_WHAT IS EXPECTED_: Once the pictures have been set aside, copy every remaining entry exactly.

[Crawled caption data]
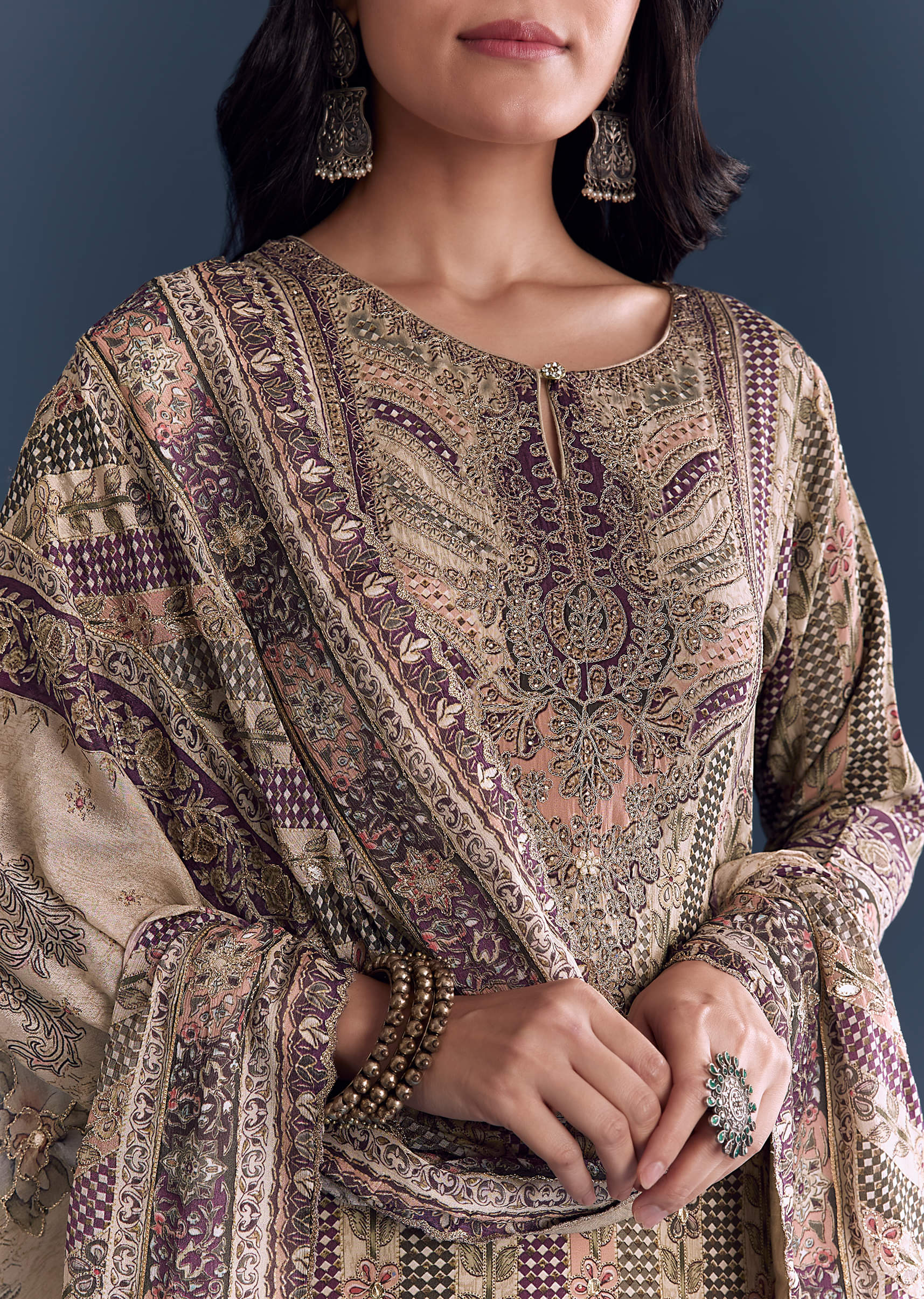 beige-wine-crepe-kurta-set-with-floral-print-sg346300-2.jpg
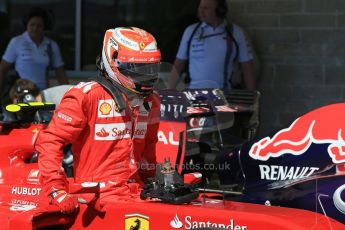 World © Octane Photographic Ltd. Saturday 1st November 2014, F1 USA GP, Austin, Texas, Circuit of the Americas (COTA) - Qualifying. Scuderia Ferrari F14T – Kimi Raikkonen. Digital Ref: 1149LB1D0352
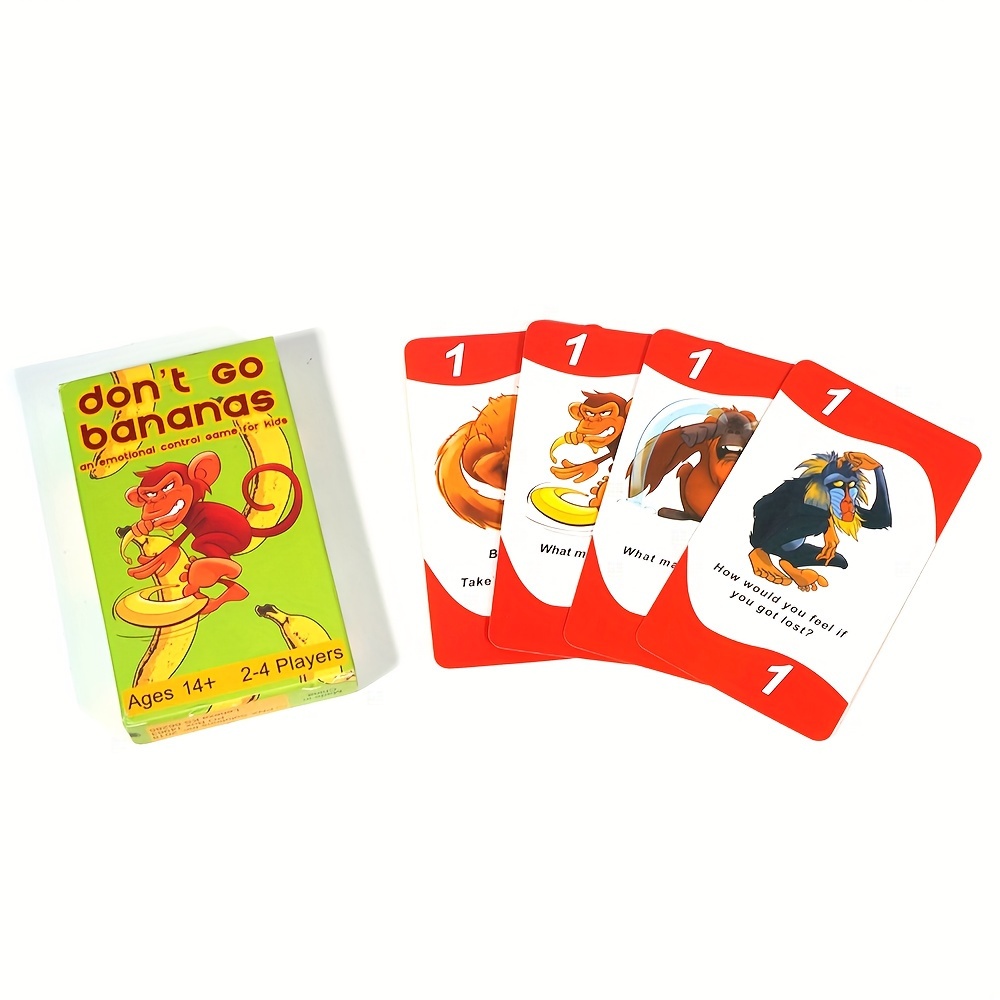 Don't Go Bananas" Emotional Control Card Game Fun Temu Philippines
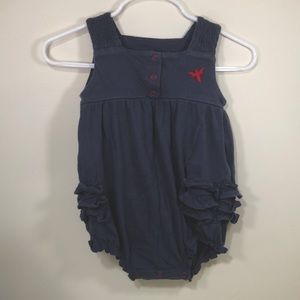 Burt’s Bees Ruffle Onesie - 3-6 mos.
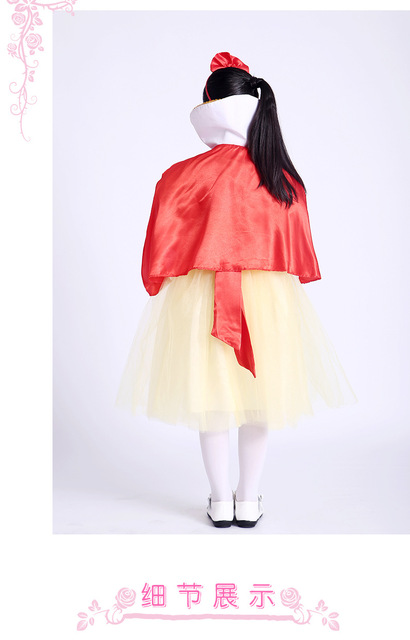 Bożonarodzeniowa sukienka dla dziewczynki w kolorze śnieżnobiałym, idealna na Halloween i inne imprezy kostiumowe - Wianko - 6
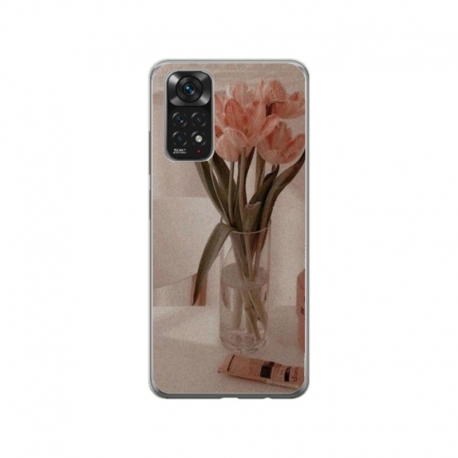 Husa personalizata tip carcasa HQPrint pentru Xiaomi Redmi Note 11S, model Flowers 14, multicolor, S1D1M0208
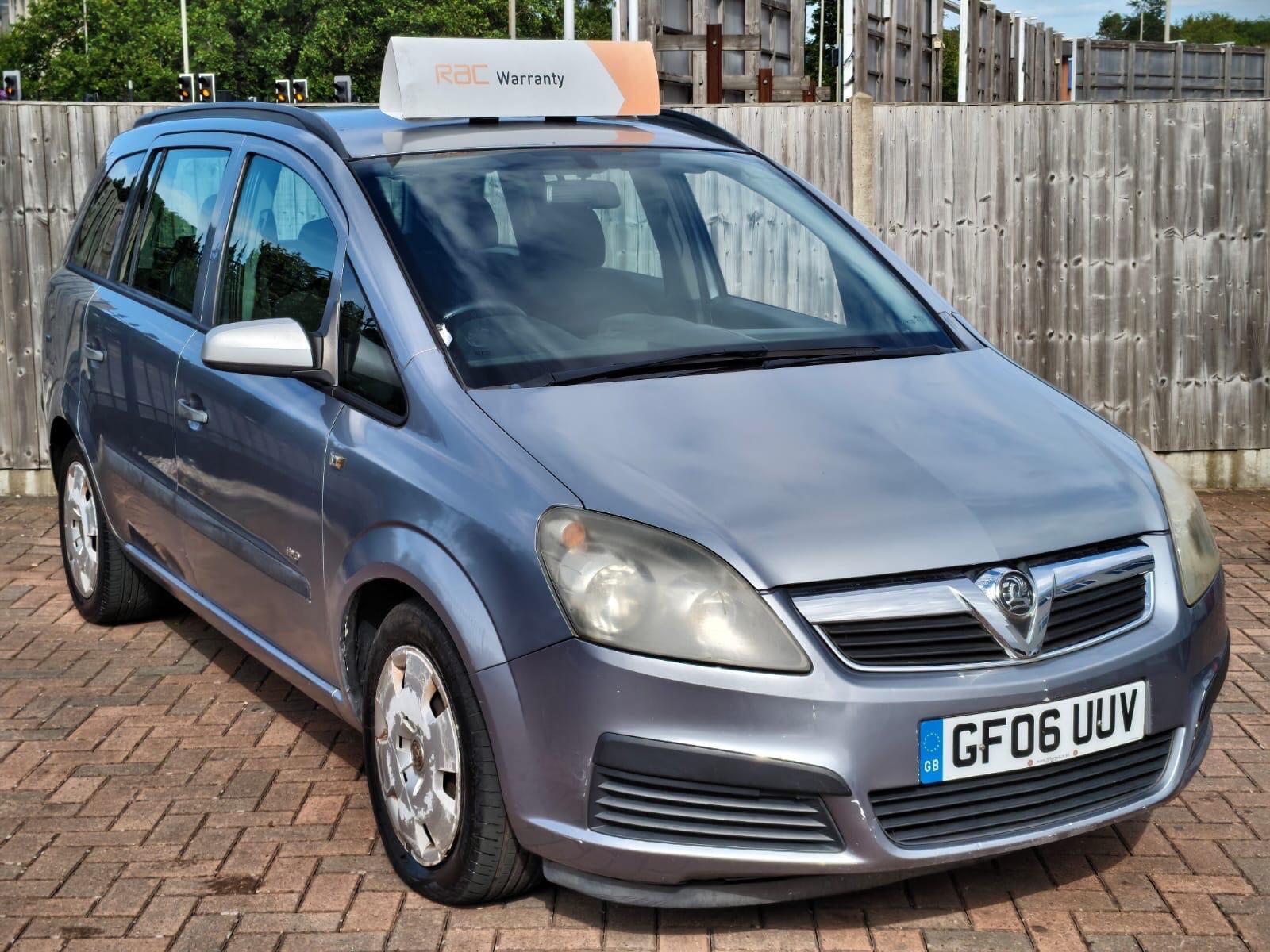 2006 Vauxhall Zafira in Silver for sale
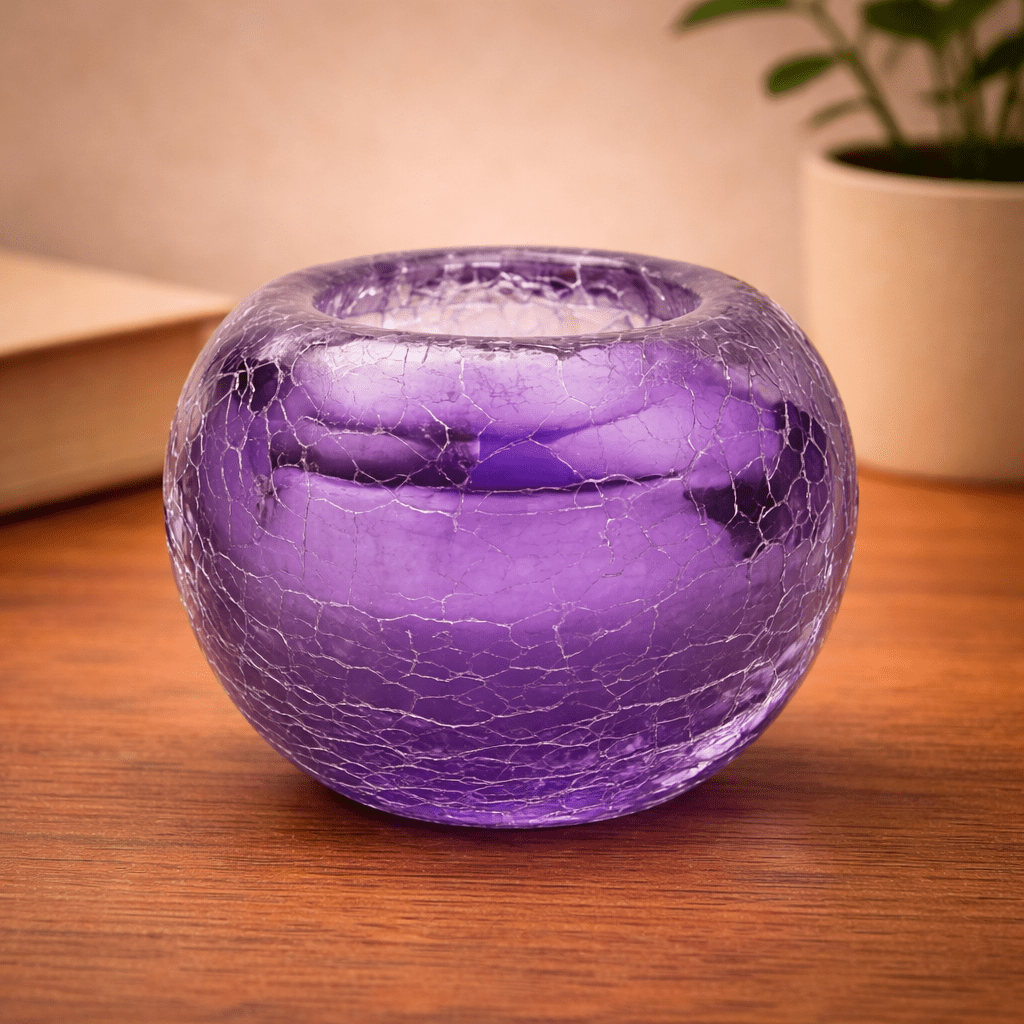 TEALIGHT – Krakele Lila 90ml - Memoriva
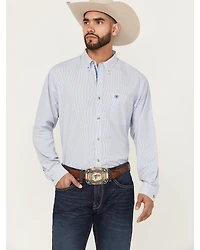 Ariat Men's Dayne Mini Striped Long Sleeve Western Shirt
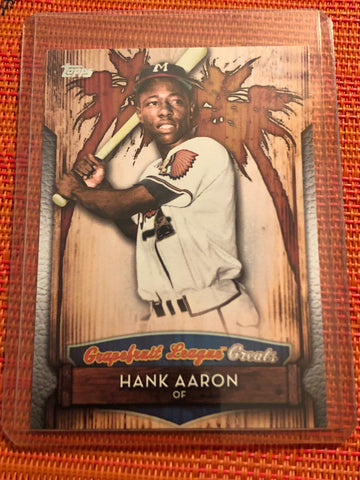 2019 Topps Series 1 Hank Aaron Gapefruit League Greats #GLG-1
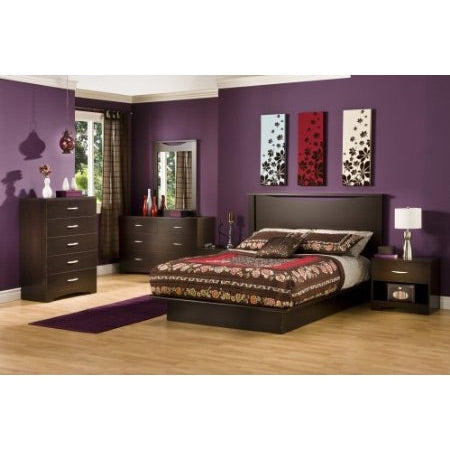 Modern 6-Drawer Bedroom Dresser in Chocolate Wood Finish - Deals Kiosk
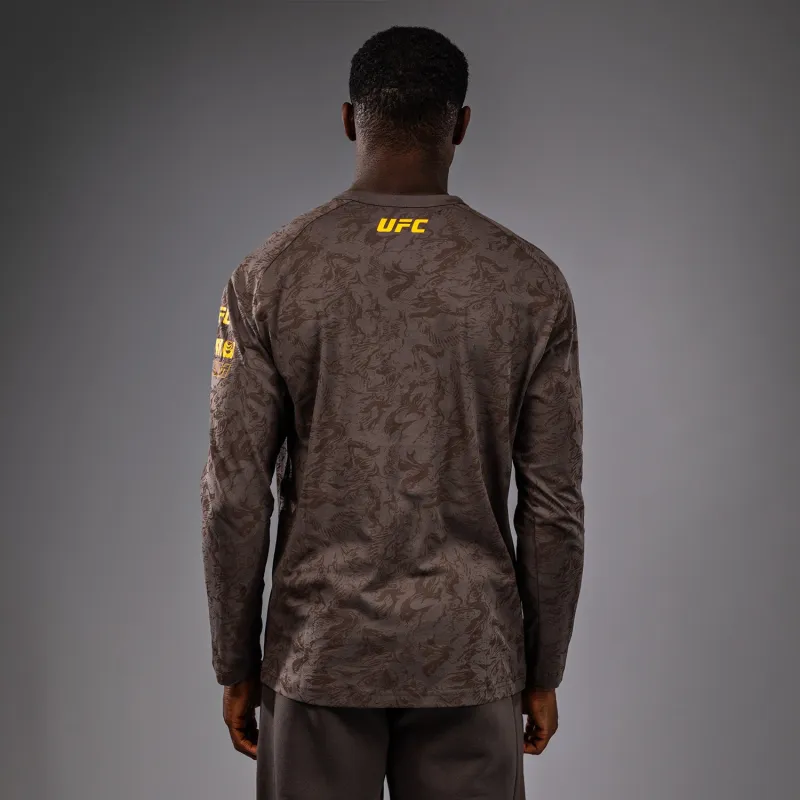 UFC Fusion by Venum Fight Week Men’s Long Sleeve T-Shirt - Earthen Brown - Image 4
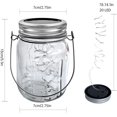 thumbnail image 2 of Solar Mason Jar Lights String Fairy Star Firefly Jar Lids Lights with Hangers,Jars and Battery Not Included,Perfect for Outdoor Garden Patio Party Decorations, 2 of 7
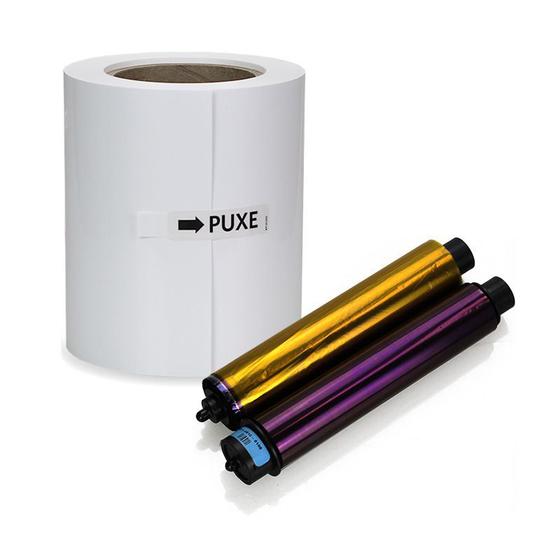 Imagem de Papel Fotográfico e Ribbon Kodak 305 - 1 Kit de Impressão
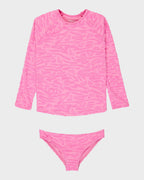 Girls 2-7 Animalia One Piece Rash Vest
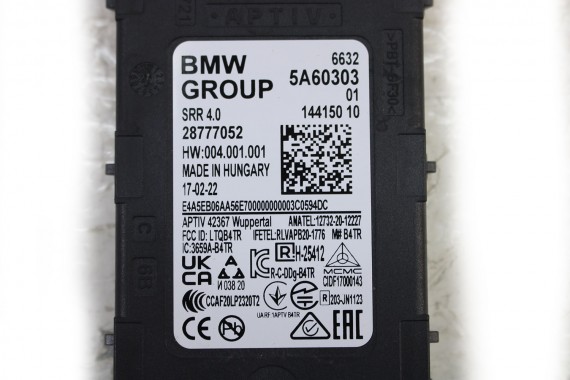 BMW X1 U11 MODUŁ STEROWNIK 6632 5A60304 01 66 32 5A60304 01 66325A60304 czujnik radarowy bliskiego zasięgu tył 5A55119 5A4DAA4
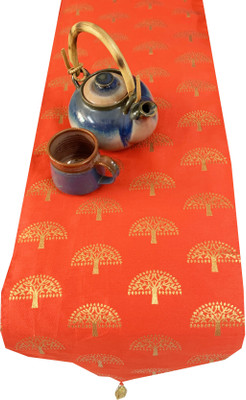 VIREO Red 180 cm Table Runner(Polyester)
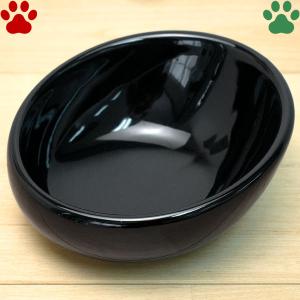 アニーコーラス　カラーボール　120　ブラック　犬　猫　皿　おしゃれ　かわいい　シンプル　無地　黒　カラーボウル　フードボウル　フードボール｜tokoton-dogfood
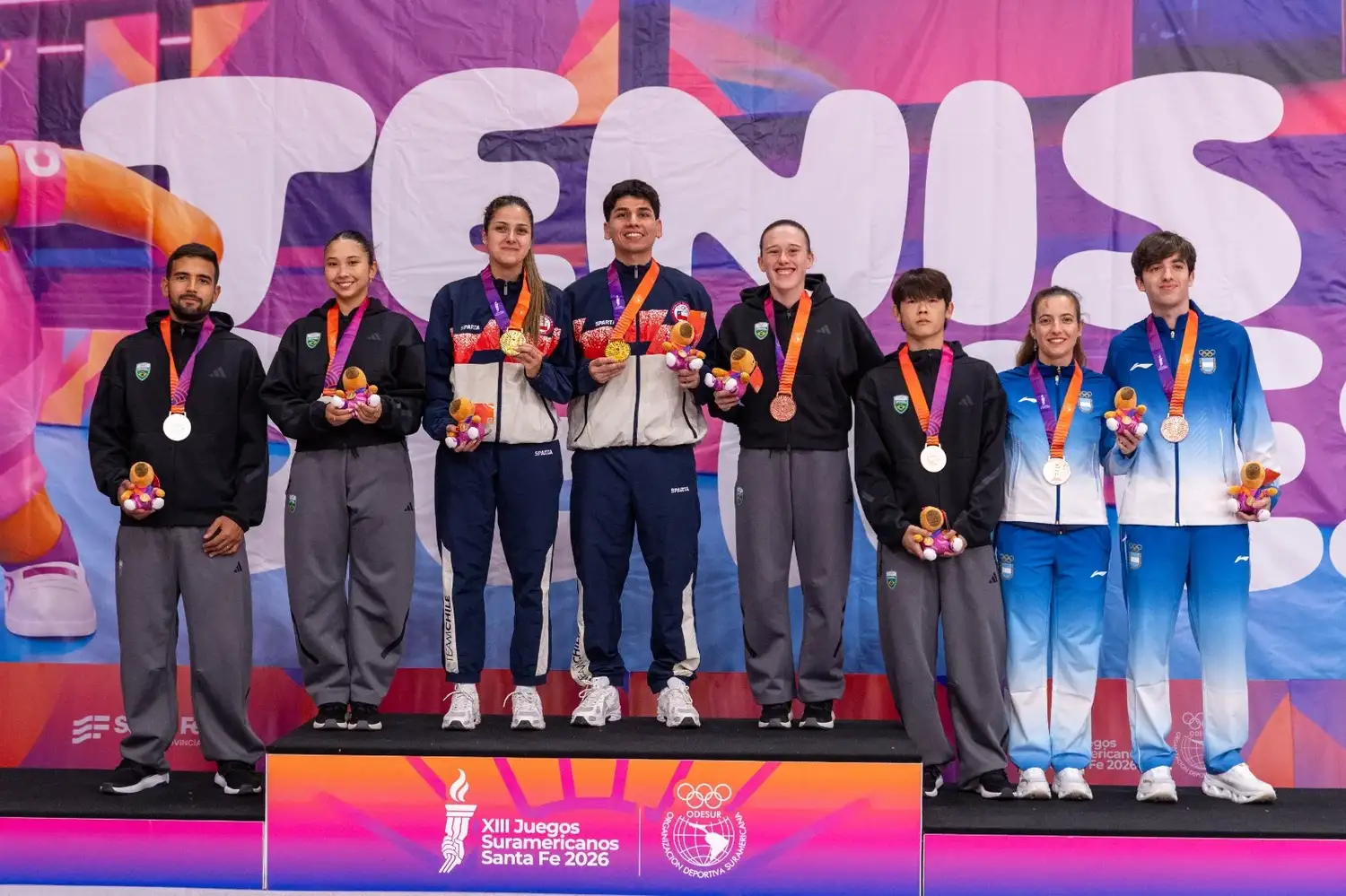 El tenis de mesa brilló en Rosario con figuras internacionales en los Juegos Suramericanos - 2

_ANSWER TO THE EXERCISE_:
 beige-wine-crepe-kurta-set-with-floral-print-sg346300-2.jpg
 World © Octane Photographic Ltd. Saturday 1st November 2014, F1 USA GP, Austin, Texas, Circuit of the Americas (COTA) - Qualifying. Scuderia Ferrari F14T – Kimi Raikkonen. Digital Ref: 1149LB1D0352
 Don't Go Bananas" Emotional Control Card Game Fun Temu Philippines
 Burt’s Bees Ruffle Onesie - 3-6 mos.
 Bożonarodzeniowa sukienka dla dziewczynki w kolorze śnieżnobiałym, idealna na Halloween i inne imprezy kostiumowe - Wianko - 6
 Husa personalizata tip carcasa HQPrint pentru Xiaomi Redmi Note 11S, model Flowers 14, multicolor, S1D1M0208
 2006 Vauxhall Zafira in Silver for sale
 TEALIGHT – Krakele Lila 90ml - Memoriva
 Ariat Men's Dayne Mini Striped Long Sleeve Western Shirt
 2019 Topps Series 1 Hank Aaron Gapefruit League Greats #GLG-1
 Modern 6-Drawer Bedroom Dresser in Chocolate Wood Finish - Deals Kiosk
 UFC Fusion by Venum Fight Week Men’s Long Sleeve T-Shirt - Earthen Brown - Image 4
 thumbnail image 2 of Solar Mason Jar Lights String Fairy Star Firefly Jar Lids Lights with Hangers,Jars and Battery Not Included,Perfect for Outdoor Garden Patio Party Decorations, 2 of 7
 Imagem de Papel Fotográfico e Ribbon Kodak 305 - 1 Kit de Impressão
 Girls 2-7 Animalia One Piece Rash Vest
 BMW X1 U11 MODUŁ STEROWNIK 6632 5A60304 01 66 32 5A60304 01 66325A60304 czujnik radarowy bliskiego zasięgu tył 5A55119 5A4DAA4
 VIREO Red 180 cm Table Runner(Polyester)
 アニーコーラス　カラーボール　120　ブラック　犬　猫　皿　おしゃれ　かわいい　シンプル　無地　黒　カラーボウル　フードボウル　フードボール｜tokoton-dogfood
 El tenis de mesa brilló en Rosario con figuras internacionales en los Juegos Suramericanos - 2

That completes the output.